Ecopoetry breaks free from the isolation of the restricted erudite literary cultures, it abandons the old sibylline fashions of the avant-gardes and the poetic habits tied up to particular local traditions, to open to a simple and clear poetic communication comprehensible to all the cultures, and therefore also easily translatable, to spread among a wider audience, as required by the General Conference of UNESCO in the message of the World Day of Poetry 2007 (12).


Theoretical basis of Ecopoetry

Inside the Ecopoetry movement, a reflection has been developed about the way poetry is nowadays dealt with.

An eco-poem consists both of an emotional moment, typical of any poetic communication, and of a rational moment, the awareness of the environmental emergency and the necessity to find solutions. Thus, the cultural prejudice of the last Century that fixed a precise separation between reason and artistic creation becomes a superseded idea.

According to the Canadian poetess and researcher Di Brand (studying the recent poetic movements born after Post-modernism, that she temporarily defines "Post-post-modern") the separation between these two realities has produced, in the past time, a conflict in the expressive ability. An expression merely emotional in art and merely rational in science and philosophy. Such a barrier is today "repaired" in some kinds of artistic productions through the "reparative thinking", that is a way to interconnect thoughts and feelings, able to produce an artistic multidimensional expression near to the sensibility and the cultural formation of today's men.

A binomial of this type can be found in Ecopoetry. Why Poetry and Ecology put together? Because this is the emergency of the present world and, on this subject, emotion and reason must call us to our responsibilities and lead us to sustainable actions.

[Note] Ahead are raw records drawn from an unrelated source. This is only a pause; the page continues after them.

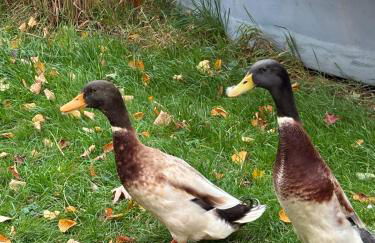 Wohnen in der ehemaligen Bauernstube - Foto 25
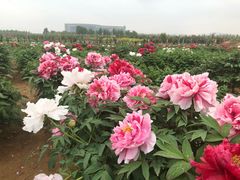 -泰山牡丹园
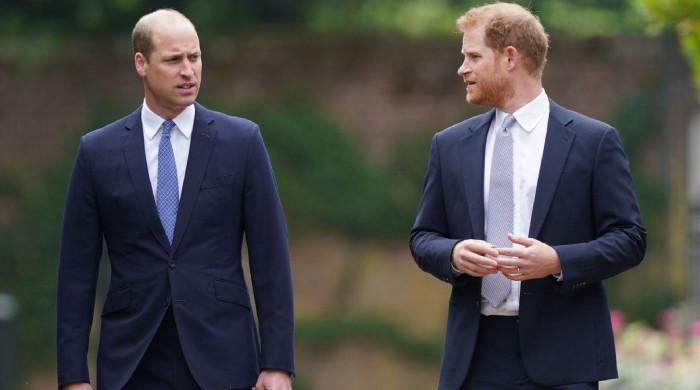 Prince William fears Harry will 'upstage' future King with royal return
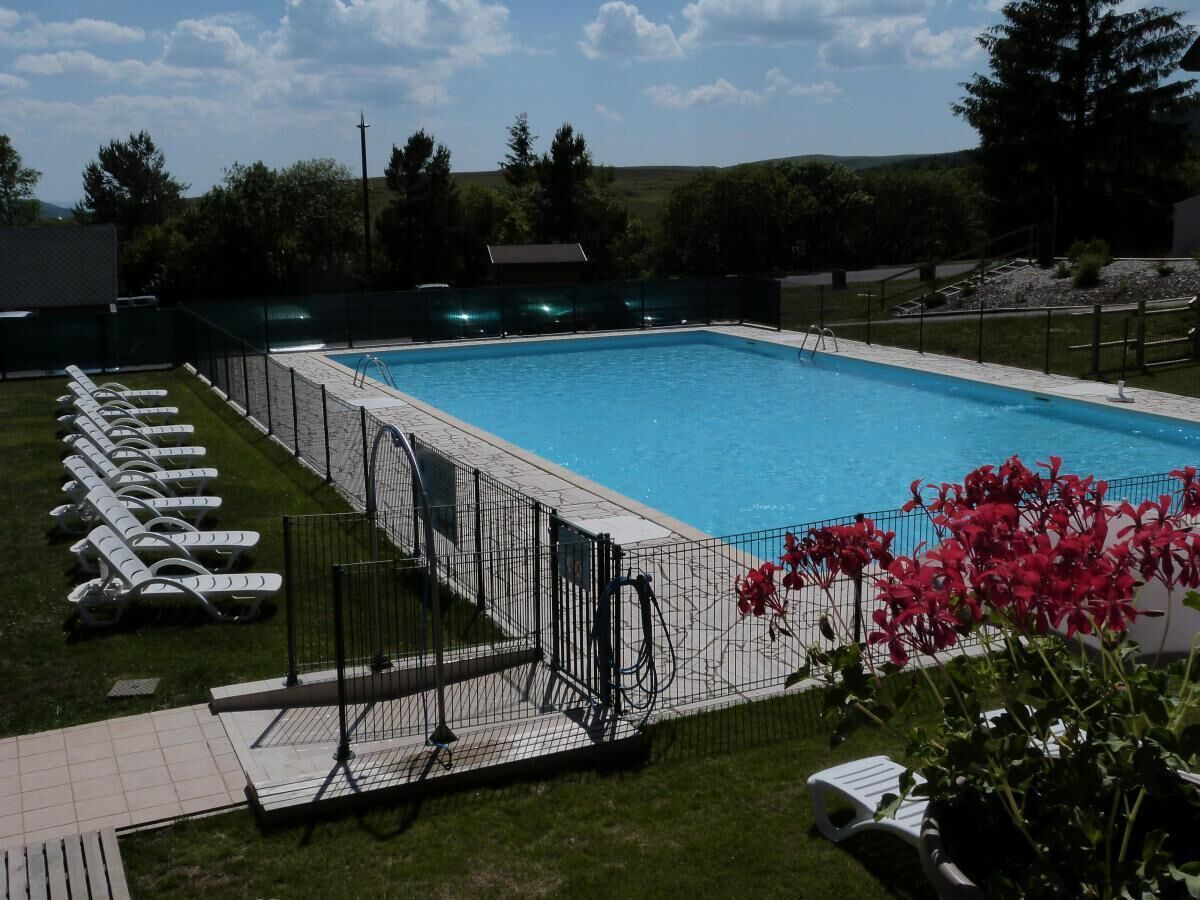 Ein rechteckiger Pool mit umgebender Umzäunung, Liegestühlen und einem Blumenbeet mit roten Blüten.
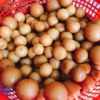 Tắc Muối Ngâm Đường Phèn – Giải Cảm, Giữ Ấm Cổ Họng, Tăng Sức Đề Kháng 1Kg - Winnie House - Ảnh 3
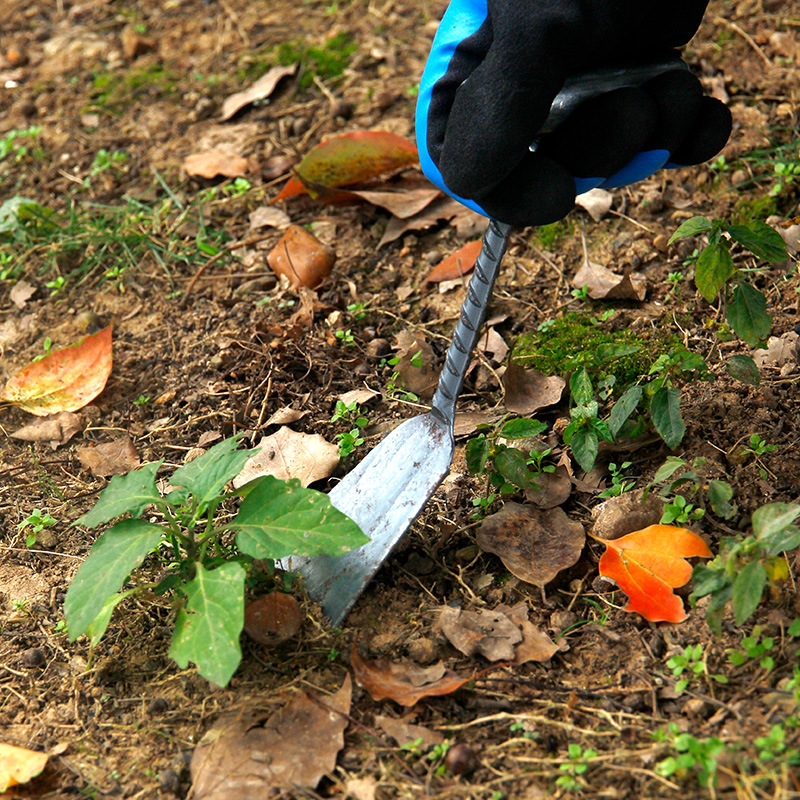 (2개) 야생 야채 파기 삽 구이 구식의 단조 꽃 재배자 도구 파고 토양 HERBOMETER 농업 마늘 파기 가정용 느슨한 토양 삽 스페이드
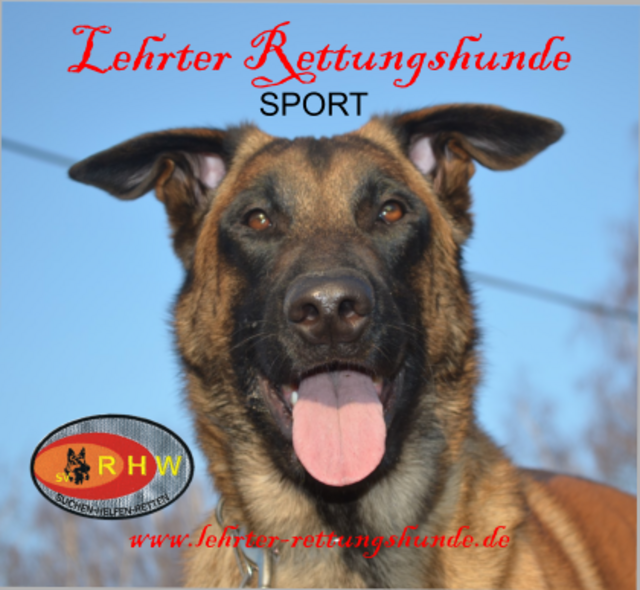 Lehrter Rettungshunde im SV-OG-Lehrte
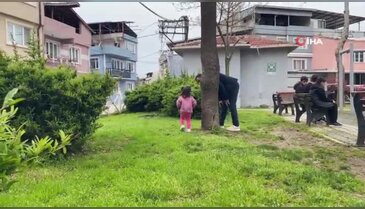 Parkta toplanan bitki az kalsın faciaya yol açıyordu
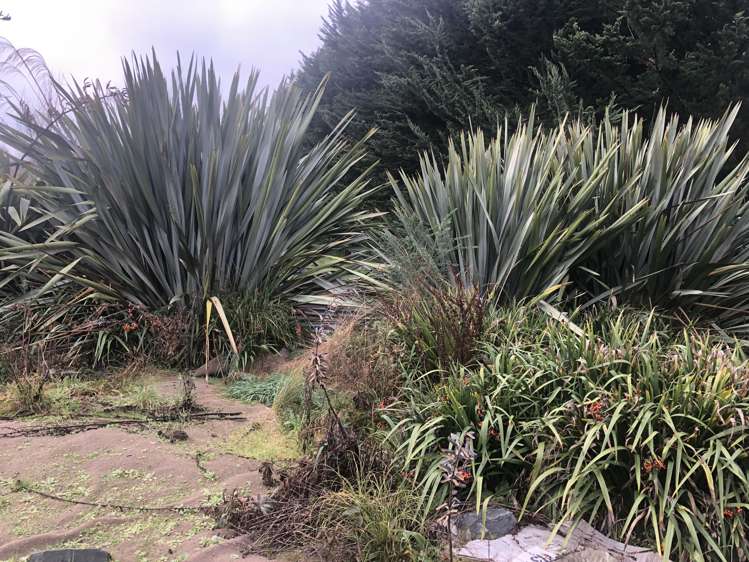 11 Meadow Street Lumsden_6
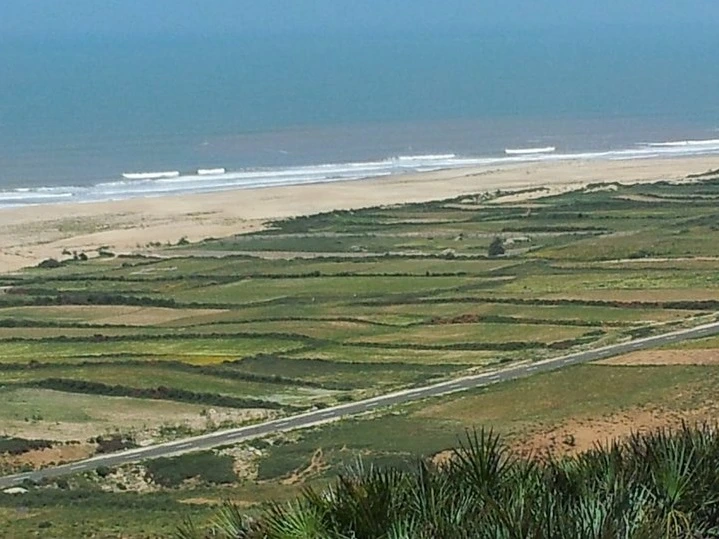 Terrain Essaouira a vendre — photo 1 — réf. T12599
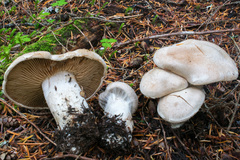 Cortinarius alboglobosus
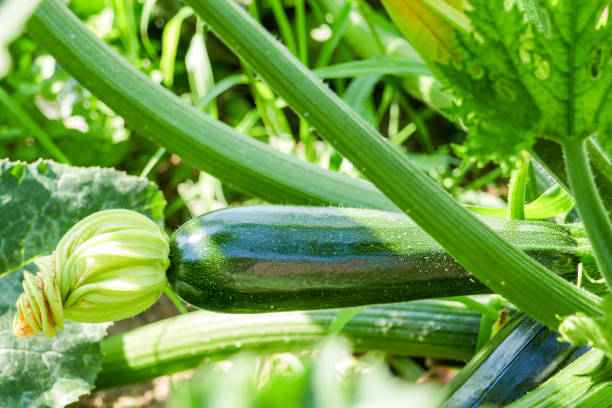 Zucchini stock photo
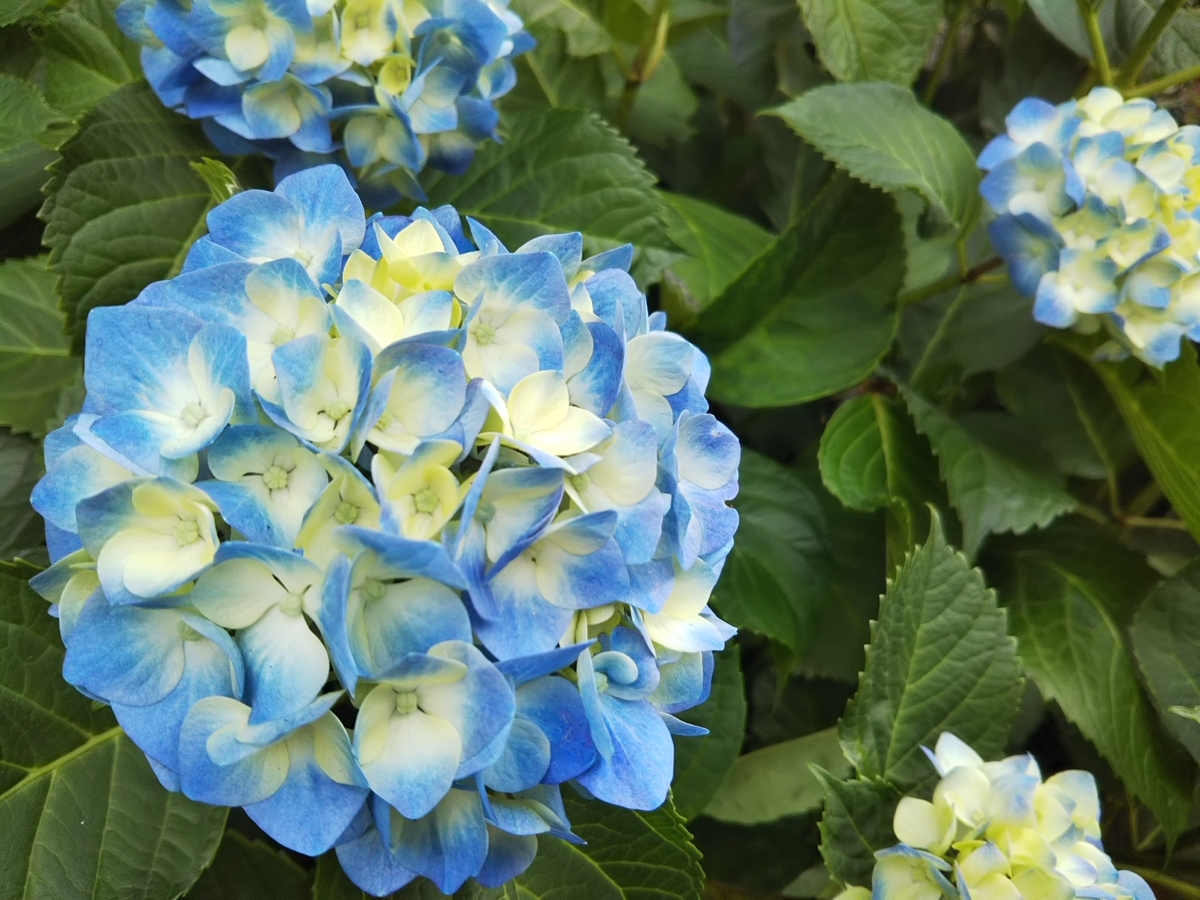 f:id:bontosyougatu:20190603204241j:plain f:id:bontosyougatu:20190603204241j:plain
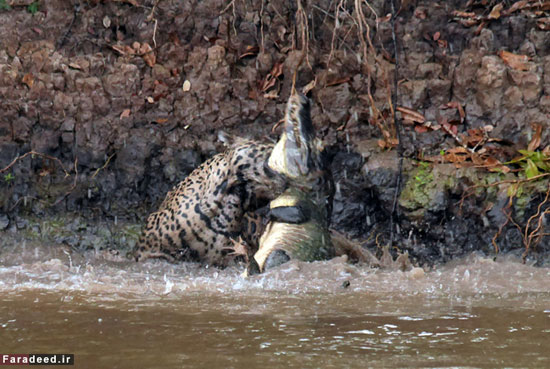 عکس: حمله برق‌آسای پلنگ به تمساح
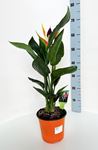 Picture of Strelitzia Reginae 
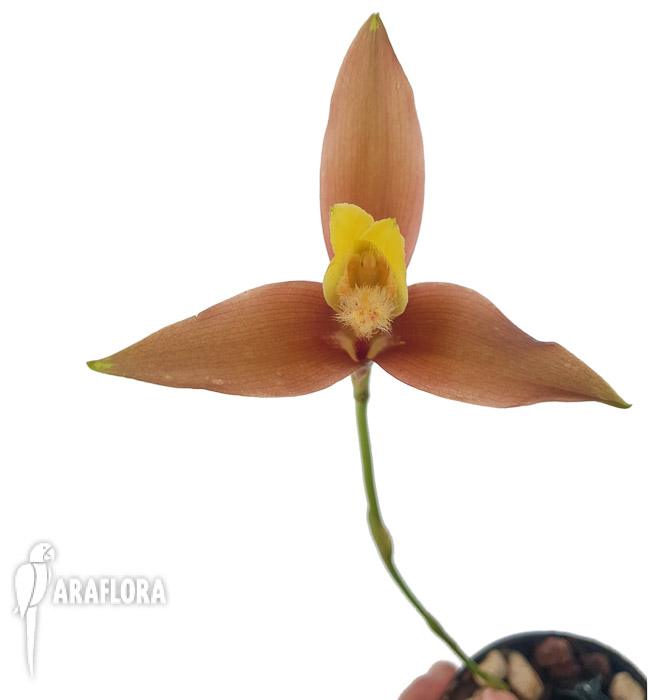 Lycaste lasioglossa4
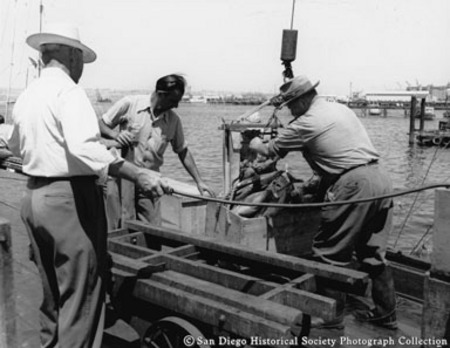 Weighing tuna for fish dealer on San Diego waterfront
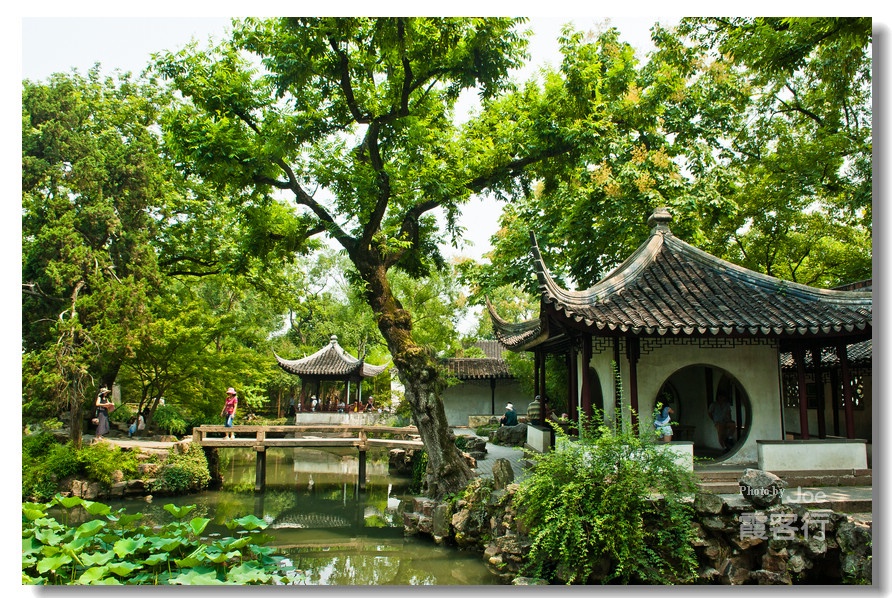 波间涌出蓬莱岛 庭院深深拙政园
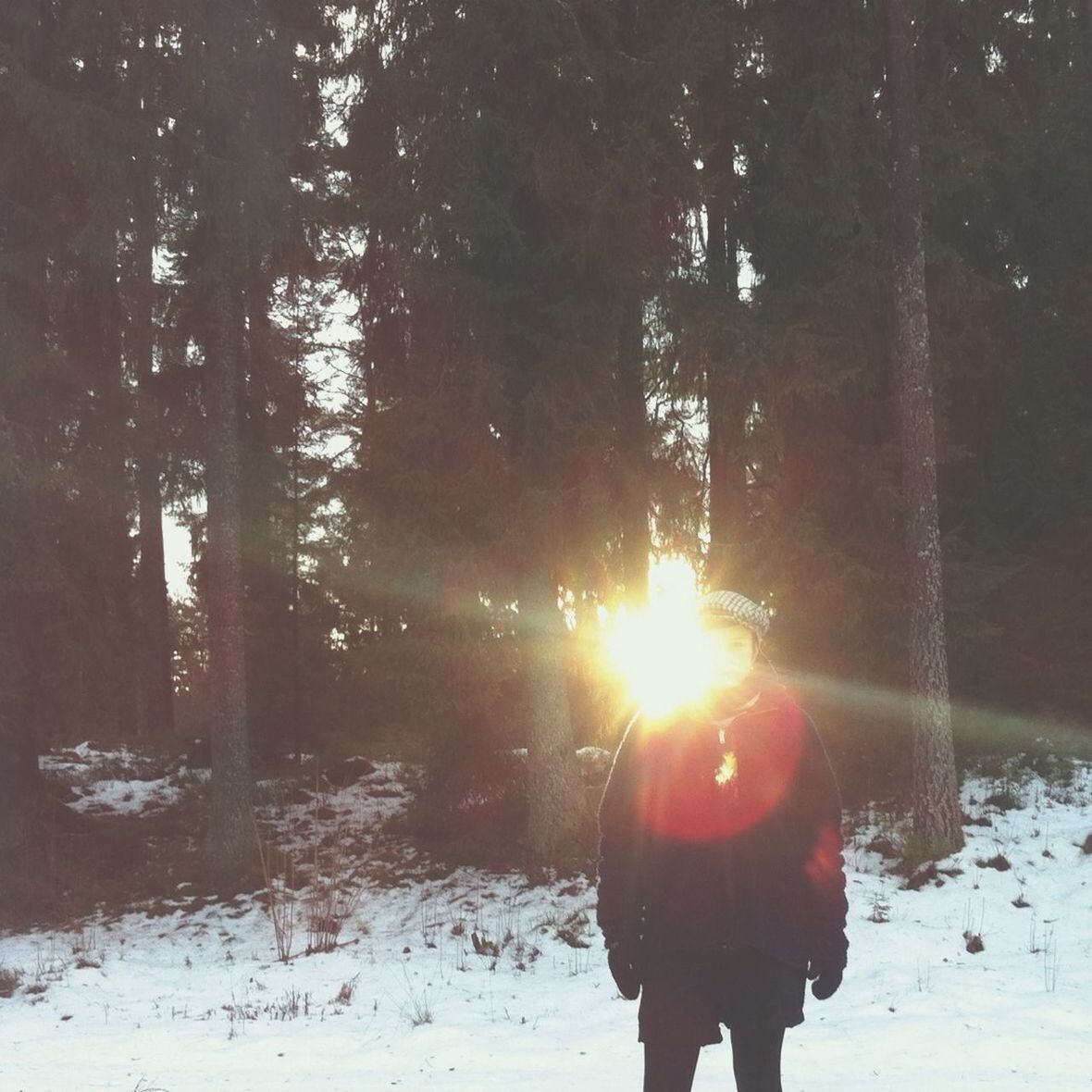 winter, snow, cold temperature, season, lifestyles, standing, leisure activity, rear view, weather, walking, sun, warm clothing, tree, field, sunlight, full length, nature, lens flare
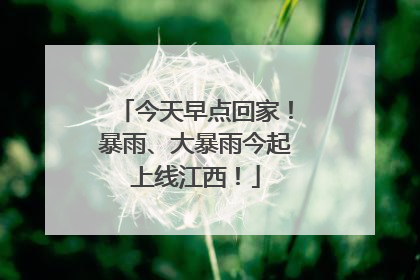 今天早点回家！暴雨、大暴雨今起上线江西！
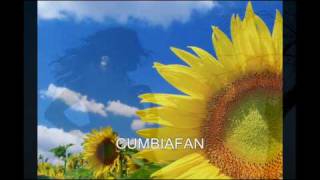 LOS GIRASOLES, CHICA ENAMORADA chords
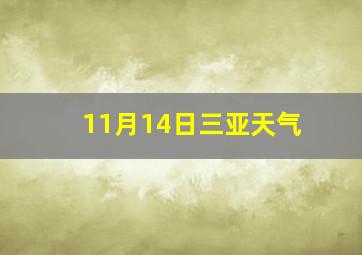 11月14日三亚天气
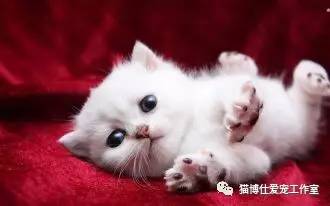 照顾新生小猫咪,怎么照顾小猫咪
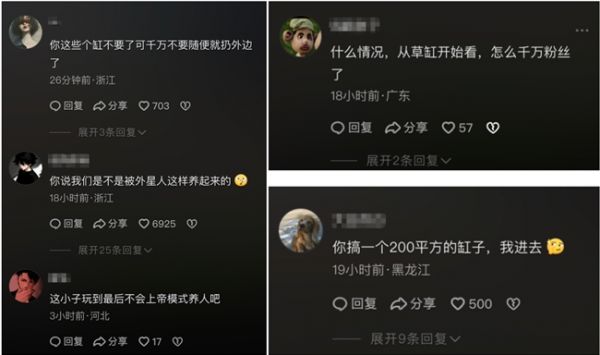 春日花海缸生态细节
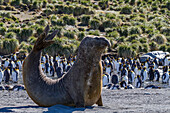 Bull southern elephant seal (Mirounga leonina) on South Georgia Island, Southern Ocean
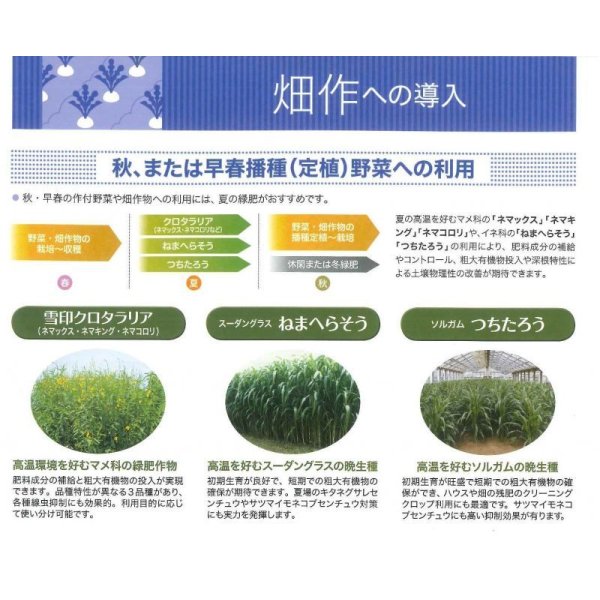 画像6: [緑肥]　クロタラリア　ネマックス　1kg　雪印種苗(株) (6)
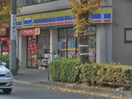 ミニストップ狛江岩戸北店(コンビニ)まで240m ヤマニアパ－トメント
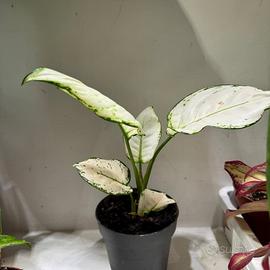 Pianta aglaonema white joy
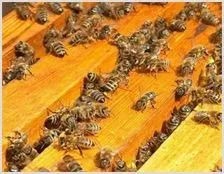 蜜蜂养殖技术 | 动物养殖知识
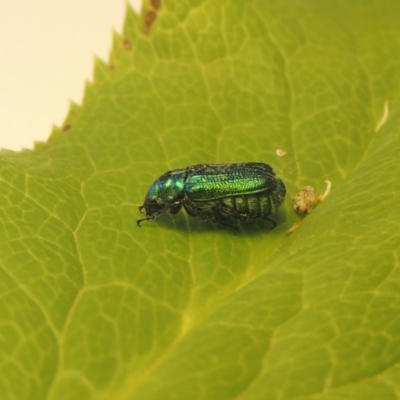 Diphucephala sp. (genus) (Green Scarab Beetle) at Conder, ACT - 11 Jan 2021 by michaelb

Ecologists know how to describe with precise mathematical data and with detailed analysis the actual environmental crisis, they also know how to suggest solutions to this problem, but it is not sure that they will succeed in persuade us to action. The environmental sciences alone will not succeed in leading men to the protection of Nature.

Alarming and full-detailed data can be published on the deforestation, or otherwise…

A deafening noise

rapes the silence of the Wood.

The blade of steel greedily,

screeching and vibrating,

tears to pieces the wet big trunk

of the high, marvelous,

majestic Beech tree.


The stem bends,

creaking on a side,

and interlaces its branches

with its brother-branches

seeking a last hug.

Then, with immense rumble,

it crashes abruptly

making the earth tremble,

in the scared big forest

frightened by the last outrage. (13)

And immediately we feel turned into trees and forests. We live their pain as ours. And it is proper, because the destiny of the Earth is also our destiny.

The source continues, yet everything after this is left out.